Justice – or, more to the point, a trial judge – is unlikely to respond to the force of your truthful convictions. Judges deal in the currency of evidence and legal argument. When they approach your case, they don’t ask themselves, “Is this true?” They ask, “Is this credible and relevant?
The Pleadings (otherwise known as The Statements of Claim and Defence)
On a very basic level, the judge wants to get a succinct handle on each party’s legal position, along with the grounds that support such a position. That familiarity – getting a lay of the land of a case – initially comes from a review of the pleadings, which must be concise and speak directly to your cause of action (if a plaintiff) or the basis of your defence (if you’re a defendant).

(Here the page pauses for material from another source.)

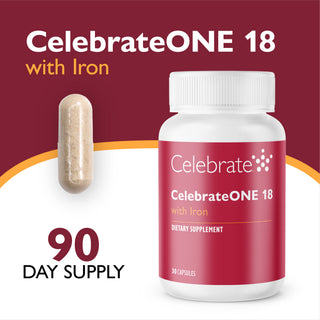 CelebrateONE 18 Multivitamínico bariátrico una vez al día con Hierro, Cápsulas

Many self-represented litigants – mostly due to inexperience – fail to properly plead the legal grounds in support of their action. Others confuse the pleadings with an affidavit, and instead use the pleadings to tell the oversized novel of their interactions with the opposing party, burying the judge in details that are inappropriate (and often not relevant) to the pleadings. . Still others may improperly seed their pleadings with legal argument and case law, which is more appropriate to a factum, not a pleading.
The importance of the pleading lies in its ability to give the judge a clear overview of each party’s legal position and grounds. The defendant cannot give full answer and defence – in the form of a Statement of Defence – without first understanding the case they need to meet from the plaintiff. A poorly constructed pleading is one that does not set out any ascertainable cause of action or that sets out facts that, if assumed to be true, have no reasonable opportunity of making the plaintiff’s case. Under such circumstances, a defendant may move for summary judgment on the basis of the pleadings alone.
The basic purpose of the pleadings is to answer this fundamental question: “Does the plaintiff have any case to make?” It is not the same as evaluating the chances of winning or losing – though a good pleading, in my view, is one that should tell the plaintiff whether or not it is worth risking the cost consequences of a potentially drawn out dispute or to instead consider more realistic settlement options, if available.
Similar considerations apply to a defendant at the pleadings stage. As noted above, a pleading must give the defendant an idea of the case they need to answer. If the defendant can be sufficiently objective – and few of us seldom are when representing our own interests – the plaintiff’s pleadings should direct the defendant to consider whether they have any evidentiary basis or legal argument to resist the plaintiff’s legal claim or whether they should instead fold their hand and seek a reasonable settlement in line with the likely litigation result.
Settlement and the Cost Consequences of Rule 49
As a self-represented litigant, the situation becomes more complicated when considering the cost consequences of opposing a party that has full scope lawyer representation. In Ontario, an award of legal costs often follows the result of the proceeding.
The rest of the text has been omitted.